M. Şevket Eygi

M. Şevket Eygi

Müslümanların mâcerası

Müslümanların mâcerası

MÜSLÜMANLAR yakın tarihte bu memlekette çok acılar çektiler.  Dine ve imana hizmet etmekten başka suçu olmayan nice hocalar, şeyhler, dindarlar idam edildi, zindanlarda çürütüldü, sürgünlerde çile çekti. Çok ezildik, çok zulme mâruz kaldık. On yıllar boyunca Türk Ceza Kanunun 163’üncü maddesinin kurbanı oldu nicemiz.

Şeyh Muzaffer Efendiyi  27 Mayıs 1960 darbesinden sonra Sultanahmet Cezaevine atmışlardı.

Merhumun ağzından dinlemiştim. Bir kısım Nurcuları da hapse atmışlar, daha önce  iyice dövmüşler. Ayaklarının üzerine basamıyorlarmış. Zavallılar kötürümler gibi yerde sürünerek abdest alıp namaz kılıyorlarmış.

İnançları yüzünden asılarak öldürülenler… Dövülenler… Sürgüne gönderilenler… Çoluk çocuğu perişan edilenler…
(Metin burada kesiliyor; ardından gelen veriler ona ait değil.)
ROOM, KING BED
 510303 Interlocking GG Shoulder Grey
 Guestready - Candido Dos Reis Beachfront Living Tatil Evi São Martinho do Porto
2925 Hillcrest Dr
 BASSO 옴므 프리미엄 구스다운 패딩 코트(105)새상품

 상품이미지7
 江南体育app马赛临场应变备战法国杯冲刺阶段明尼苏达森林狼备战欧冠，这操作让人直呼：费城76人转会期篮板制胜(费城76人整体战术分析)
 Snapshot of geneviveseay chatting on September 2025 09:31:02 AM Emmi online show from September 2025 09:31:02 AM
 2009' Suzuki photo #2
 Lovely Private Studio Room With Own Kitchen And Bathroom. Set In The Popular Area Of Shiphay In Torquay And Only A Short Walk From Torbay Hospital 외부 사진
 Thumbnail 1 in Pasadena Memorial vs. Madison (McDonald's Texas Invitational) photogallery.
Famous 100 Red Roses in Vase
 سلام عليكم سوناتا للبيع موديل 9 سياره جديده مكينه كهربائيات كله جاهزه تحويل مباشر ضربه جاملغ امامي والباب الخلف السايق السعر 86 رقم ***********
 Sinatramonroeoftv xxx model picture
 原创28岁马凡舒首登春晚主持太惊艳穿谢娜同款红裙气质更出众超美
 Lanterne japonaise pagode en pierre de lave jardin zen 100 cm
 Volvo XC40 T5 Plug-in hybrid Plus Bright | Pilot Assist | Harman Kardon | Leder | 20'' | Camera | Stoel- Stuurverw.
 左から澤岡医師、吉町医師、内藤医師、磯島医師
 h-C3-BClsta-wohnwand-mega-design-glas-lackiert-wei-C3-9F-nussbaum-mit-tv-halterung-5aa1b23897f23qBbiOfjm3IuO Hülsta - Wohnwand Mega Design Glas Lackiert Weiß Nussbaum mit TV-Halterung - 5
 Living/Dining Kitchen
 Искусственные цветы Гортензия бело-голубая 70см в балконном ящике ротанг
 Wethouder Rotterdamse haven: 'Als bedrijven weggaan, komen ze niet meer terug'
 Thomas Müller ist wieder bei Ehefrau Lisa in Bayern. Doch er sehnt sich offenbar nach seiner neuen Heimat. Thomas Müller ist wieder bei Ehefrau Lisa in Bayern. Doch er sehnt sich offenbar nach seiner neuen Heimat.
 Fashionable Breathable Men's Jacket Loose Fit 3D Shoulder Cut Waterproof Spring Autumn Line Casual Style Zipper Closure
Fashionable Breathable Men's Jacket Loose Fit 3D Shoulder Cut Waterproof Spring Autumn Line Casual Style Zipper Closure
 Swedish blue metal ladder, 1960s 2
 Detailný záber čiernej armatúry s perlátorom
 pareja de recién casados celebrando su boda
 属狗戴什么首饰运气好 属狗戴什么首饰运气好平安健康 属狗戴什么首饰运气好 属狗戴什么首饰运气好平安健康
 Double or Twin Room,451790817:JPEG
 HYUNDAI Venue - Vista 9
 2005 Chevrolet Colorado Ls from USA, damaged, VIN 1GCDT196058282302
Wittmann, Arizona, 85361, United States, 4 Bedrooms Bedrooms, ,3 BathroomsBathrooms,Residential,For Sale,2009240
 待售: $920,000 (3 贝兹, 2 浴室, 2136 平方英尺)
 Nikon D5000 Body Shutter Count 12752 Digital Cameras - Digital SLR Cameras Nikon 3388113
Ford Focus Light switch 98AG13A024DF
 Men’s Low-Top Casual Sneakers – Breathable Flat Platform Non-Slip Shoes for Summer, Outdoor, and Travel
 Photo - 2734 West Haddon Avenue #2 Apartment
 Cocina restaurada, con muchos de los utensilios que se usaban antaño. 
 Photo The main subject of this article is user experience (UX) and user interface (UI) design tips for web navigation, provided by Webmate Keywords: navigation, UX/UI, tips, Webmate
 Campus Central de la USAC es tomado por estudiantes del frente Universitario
Allah biz Müslümanların yüzüne güldü, son yirmi otuz  yıl içinde biraz nefes aldık ama  bu sefer de, evvelce mücahitlik taslayan, sonra müteahhit olan birilerinin oyununa geldik.

Önceleri bozuktur, fasittir dediğimiz kötü düzenin  haram ve zehirli rantlarına saldırdı bizden görünen birtakım  sahtekarlar.

Gerektiği gibi uyanık olamadık. Düşmanlarımız bizi böldü, birbirinden kopuk bin parçaya ayırdı.

İslamî kesimin içine salınan bir sürü casus, ajan, provokatör, yönlendirici;  kardeş ve birlik olmaları gereken mü’minlerin bir kısmını birbirine düşman etti. Ümmet birliği gitti, İslam Protestanlığı denilen acayip bir mozaik ortaya çıktı.

Kafirler, münafıklar, müfsitler İslamı ortadan kaldıramayınca, kendilerine zarar vermeyecek light ve ılımlı  yeni bir İslam türetmeye karar verdiler. İçimizden bazı hainler bu işte taşeron olmayı kabul etti.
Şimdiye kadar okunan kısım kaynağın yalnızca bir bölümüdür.